Early attempts to provide a large address space and facilitate memory management in microsystems have included the use of instructions with different addressing modes, such as extended addressing using multiple words and indirect addressing, mentioned previously. However, severe fragmentation and wasted real main memory space can still be encountered. The inclusion of virtual memory in the architecture not only solves the fragmentation and address space problem, but it also eliminates the need for these complex addressing modes. Thus it is likely for virtual memory to become more common in future microprocessor architectures.
Concluding remarks
This paper has shown how architecture influences two major components of a microprocessor, the instruction unit and memory subsystem. Architecture directly affects the instruction decoding processes. A complex instruction set can require a long decode time, with complex field extraction and align-IBM SYSTEMS JOURNAL, VOL 23, NO 3, 1% ment, multiple accesses to the general-purpose registers or memory, and a difficult address generation cycle. Furthermore, complex instructions have a more complex pipeline, particularly more parallel paths, many of which can have different lengths. This tends to increase pipeline conflicts and disruptions. Maintaining the sequentiality of execution in a complex pipelined system requires additional priority controls, as well as additional staging registers for the pipeline flow. In other words, the pipeline hardware becomes more complex, consumes more silicon area, and most likely produces a slower machine cycle. A simple architecture can significantly minimize all these difficulties, and simplicity is desirable in a microprocessor where cost is of prime importance.
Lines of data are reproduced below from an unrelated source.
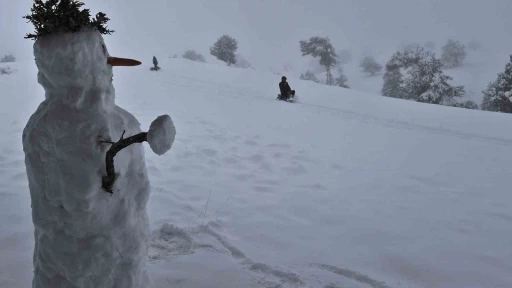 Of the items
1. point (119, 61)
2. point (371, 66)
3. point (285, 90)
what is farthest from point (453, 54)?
point (119, 61)

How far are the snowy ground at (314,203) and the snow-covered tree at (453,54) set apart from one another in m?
40.3

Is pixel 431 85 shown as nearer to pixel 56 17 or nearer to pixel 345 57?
pixel 56 17

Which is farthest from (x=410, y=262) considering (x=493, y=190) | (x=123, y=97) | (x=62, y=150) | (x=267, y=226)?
(x=123, y=97)

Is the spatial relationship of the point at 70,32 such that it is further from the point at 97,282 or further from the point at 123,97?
the point at 123,97

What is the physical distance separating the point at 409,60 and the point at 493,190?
28541 mm

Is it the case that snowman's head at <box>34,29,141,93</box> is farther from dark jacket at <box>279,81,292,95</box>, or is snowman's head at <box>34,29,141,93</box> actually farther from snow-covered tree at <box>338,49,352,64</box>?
snow-covered tree at <box>338,49,352,64</box>

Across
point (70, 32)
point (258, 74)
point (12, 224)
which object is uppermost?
point (258, 74)

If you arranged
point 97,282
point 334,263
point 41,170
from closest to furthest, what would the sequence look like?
1. point 41,170
2. point 97,282
3. point 334,263

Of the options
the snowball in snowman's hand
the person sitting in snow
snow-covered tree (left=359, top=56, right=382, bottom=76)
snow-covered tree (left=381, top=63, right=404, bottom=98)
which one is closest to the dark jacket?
the person sitting in snow

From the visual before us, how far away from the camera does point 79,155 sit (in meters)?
1.58

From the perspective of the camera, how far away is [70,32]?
154 centimetres

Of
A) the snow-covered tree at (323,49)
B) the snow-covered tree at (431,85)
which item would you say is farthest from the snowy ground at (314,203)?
the snow-covered tree at (323,49)

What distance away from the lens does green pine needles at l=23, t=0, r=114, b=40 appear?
4.87 ft

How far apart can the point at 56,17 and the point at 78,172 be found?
2.35ft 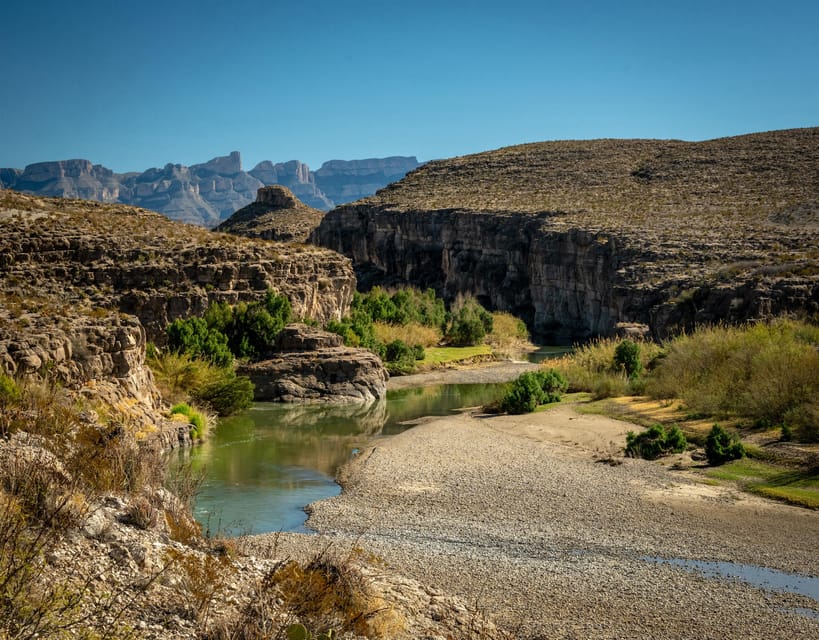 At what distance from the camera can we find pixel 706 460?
23.7 metres

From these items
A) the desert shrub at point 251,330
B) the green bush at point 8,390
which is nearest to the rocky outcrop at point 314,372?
the desert shrub at point 251,330

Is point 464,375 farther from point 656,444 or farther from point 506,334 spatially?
point 656,444

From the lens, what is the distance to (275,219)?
11644cm

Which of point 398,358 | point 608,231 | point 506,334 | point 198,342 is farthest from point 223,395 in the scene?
point 608,231

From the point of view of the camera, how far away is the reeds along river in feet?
67.2

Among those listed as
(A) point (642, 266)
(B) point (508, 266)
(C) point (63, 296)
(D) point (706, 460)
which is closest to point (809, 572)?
(D) point (706, 460)

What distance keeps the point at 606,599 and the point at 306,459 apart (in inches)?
588

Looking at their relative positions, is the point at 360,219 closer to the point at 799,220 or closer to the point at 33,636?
the point at 799,220

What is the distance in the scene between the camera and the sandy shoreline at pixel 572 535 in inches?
526

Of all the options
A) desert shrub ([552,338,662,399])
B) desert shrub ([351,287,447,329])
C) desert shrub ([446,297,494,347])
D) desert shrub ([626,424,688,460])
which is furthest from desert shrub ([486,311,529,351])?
desert shrub ([626,424,688,460])

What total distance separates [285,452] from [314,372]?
11766 mm

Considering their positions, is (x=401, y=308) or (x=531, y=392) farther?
(x=401, y=308)

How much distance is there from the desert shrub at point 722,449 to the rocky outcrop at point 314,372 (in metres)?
19.2

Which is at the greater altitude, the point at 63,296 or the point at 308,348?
the point at 63,296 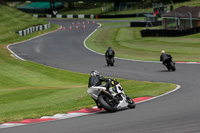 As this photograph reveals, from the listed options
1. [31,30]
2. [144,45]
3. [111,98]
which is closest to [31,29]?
[31,30]

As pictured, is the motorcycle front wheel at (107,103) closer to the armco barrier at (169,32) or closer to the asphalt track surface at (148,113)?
the asphalt track surface at (148,113)

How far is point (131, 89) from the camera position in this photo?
Answer: 18562 millimetres

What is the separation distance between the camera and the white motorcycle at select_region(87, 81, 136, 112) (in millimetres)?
12945

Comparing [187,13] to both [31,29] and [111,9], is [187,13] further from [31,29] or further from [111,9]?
[111,9]

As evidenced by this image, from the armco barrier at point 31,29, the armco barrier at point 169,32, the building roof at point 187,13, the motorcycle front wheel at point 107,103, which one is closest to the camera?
the motorcycle front wheel at point 107,103

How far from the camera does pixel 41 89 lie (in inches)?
850

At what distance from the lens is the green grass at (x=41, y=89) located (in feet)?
49.0

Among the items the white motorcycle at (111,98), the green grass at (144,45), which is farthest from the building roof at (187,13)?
the white motorcycle at (111,98)

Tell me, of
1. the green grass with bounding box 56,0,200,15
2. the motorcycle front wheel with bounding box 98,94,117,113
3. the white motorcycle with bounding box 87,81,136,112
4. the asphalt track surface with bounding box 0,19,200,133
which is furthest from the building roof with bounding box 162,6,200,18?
the motorcycle front wheel with bounding box 98,94,117,113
Although less evident at the architectural level, the instruction set has a significant effect on the memory subsystem. It has been shown how a few key parameters that characterize the architecture can be used to analyze the required memory bandwidth and show the designer whether the system performance is CPU-or memory-limited. Achieving a small value for cycles per instruction is generally easier for a simple architecture. Over a certain range of parameters, the system balance is less likely to be limited by the memory bandwidth. Hence various options for reducing the CPU cycles per instruction become available to the designer. Also there are additional CPU options for smoothing out the peaks and valleys in memory traffic. Outside this range, memory bandwidth is a fundamental limit on system performance, even for simple architectures. For such cases, an architecture, which has a target of achieving a small value for cycles per instruction, should strive either to avoid instructions that have multiple accesses to memory or to use instructions of more than one length. The memory bandwidth requirements can become so severe that a cache may be necessary to achieve the desired performance for a given architecture. However, adequate reload capability during a cache miss places new requirements on the memory bandwidth. This pushes the design toward cost-performance considerations rather than the original objective of low cost. The designer of a microsystem is constantly faced with these tradeoffs, which provide many opportunities for innovations as well as radically new approaches.